None of the Manila broadsheets have reprinted the 12 cartoons that first appeared in a Danish right- wing newspaper last September 12, 2005, although some of our Muslim-hating editors may have been tempted to do so. Despite their many admitted failings, in this sense they may be more responsible than their European counterparts have been.
While the original publication incensed Muslims, the reprinting of those cartoons in Germany, France, Italy, Spain and the Netherlands provoked the firestorm of protests now raging all over the world. The protests–complete with the burning of the Danish and other flags in some cases–have occurred not only in predominantly Muslim countries like Indonesia, but also in countries with Muslim minorities like the Philippines.
“Provoked” is the exact word to describe what the Danish newspaper Jyllands-Posten and its counterparts in the European countries mentioned did.
The so-called “cultural editor” of Jyllands Posten, Flemming Rose, justified the publication of the cartoons by claiming that the cartoonist-authors were reluctant (“afraid” is the more precise term) to illustrate a biography of Muhammad meant for children. Many journalists including the cartoonists concerned, Rose said, have been censoring themselves out of fear of retaliation from Muslims. He was thus defending free expression in their behalf–although one wonders what kind of journalists are these who can’t fend for themselves and who need a champion to defend their rights.
But Rose and his newspaper must have known that Muslims regard any depiction of Muhammad as a sacrilege to begin with. What’s worse is that the cartoons imply that Islam is not only an inherently violent religion but also an absurd, laughable one whose followers must be retards or idiots.
How else interpret the cartoon depicting Muhammad with a dynamite stick protruding from his turban? And that one showing him standing at the gates of paradise telling suicide bombers they can’t get in because “we have run out of virgins”?
These cartoons no more enlighten than those Nazi-era cartoons depicting Jews as hook-nosed, international conspirators– as “Christ killers” who have no place in Christian Europe. They are cartoons of hate, bigotry and intolerance.
When pressed, Rose implied the same thing about Muslims the Nazis used to say about Jews: that they have no place in European society unless they surrender their beliefs and deny their identities.

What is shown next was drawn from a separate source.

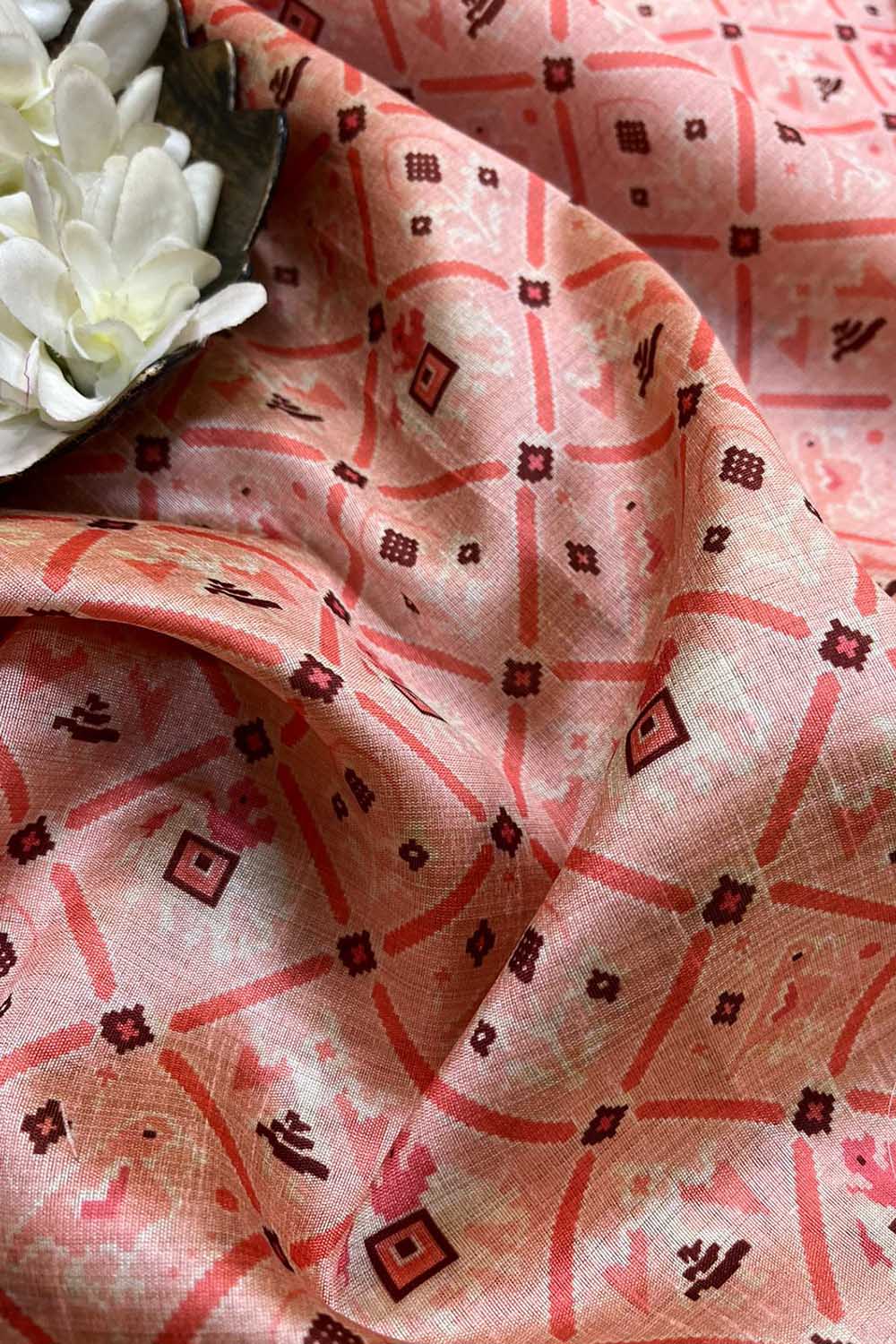 Pink Digital Printed Patola Design Tussar Silk Fabric ( 2.5 Mtr ) - Luxurion World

He claimed that the controversy for which he’s responsible is “about the question of integration and how compatible is the religion of Islam with a modern secular society—how much an immigrant has to give up and much does the receiving culture have to compromise.”

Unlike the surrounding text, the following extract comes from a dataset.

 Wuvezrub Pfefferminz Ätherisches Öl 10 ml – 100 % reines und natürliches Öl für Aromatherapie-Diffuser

But the questions, the actions of Rose suggest, are merely rhetorical. How compatible is Islam with “a modern secular society” like Denmark’s? Not very. How much does Denmark have to compromise? Not much, or not at all. How much does an immigrant have to give up to be part of this “modern society”? Everything including his or her identity, heritage and religious beliefs.

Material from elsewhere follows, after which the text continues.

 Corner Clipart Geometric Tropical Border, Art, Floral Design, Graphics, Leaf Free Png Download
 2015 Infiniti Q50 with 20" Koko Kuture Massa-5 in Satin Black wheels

Obviously, the biography of Muhammad, given the cartoons that were supposed to go into it, would orient—the less polite term is “brain-wash”– children on the same themes. The modern, secular society is apparently a society intolerant of creeds other than Christianity, rather than one in which all faiths are encouraged to co-exist.
But free expression and press freedom have been invoked by Rose, Jyllands Posten, and the other European newspapers that reprinted the cartoons. Press freedom and free expression are crucial to journalism. Basic to both freedoms is government non-interference and press autonomy, which accurately describes the situation in Western Europe.
The Muslim demands for an apology are thus more properly addressed to the newspapers concerned rather than their governments. They should be anchored, not on the puerile argument that “press freedom has its limits,” but on the fact that the exercise of press freedom demands corresponding responsibilities, which according to journalism ethics includes accuracy, fairness and humaneness, as well as a sense of whether one’s exercise of it redounds to the benefit of society or to its detriment.
As to what benefits society, there is more or less consensus among reasonable individuals and groups that peace is preferable to war and violence, understanding and compassion to hate and indifference, and unity to divisiveness and conflict.
The cartoons involved have been divisive, and have in fact brought mutual Muslim-Christian distrust, suspicion and hatred to near-unprecedented levels worldwide. Their impact on Danish society cannot as yet be predicted. What is certain is that they have driven a huge wedge of antipathy between Christians and Muslims in a world already aflame with conflict, misunderstanding among cultures, divisiveness, violence and war.
The Danish newspapers have a National Code of Conduct, adopted by the Danish Parliament in 1992 with the concurrence of the Danish union of journalists. It is a deficient code. The closest it comes to being relevant to the present issue is in Number Three of its Section B (“Conduct Contrary to Good Press Practice”) which declares that “Collection and reproduction of pictorial material shall be made in a considerate and tactful way.” The cartoons involved are neither considerate nor tactful– and that’s putting it mildly.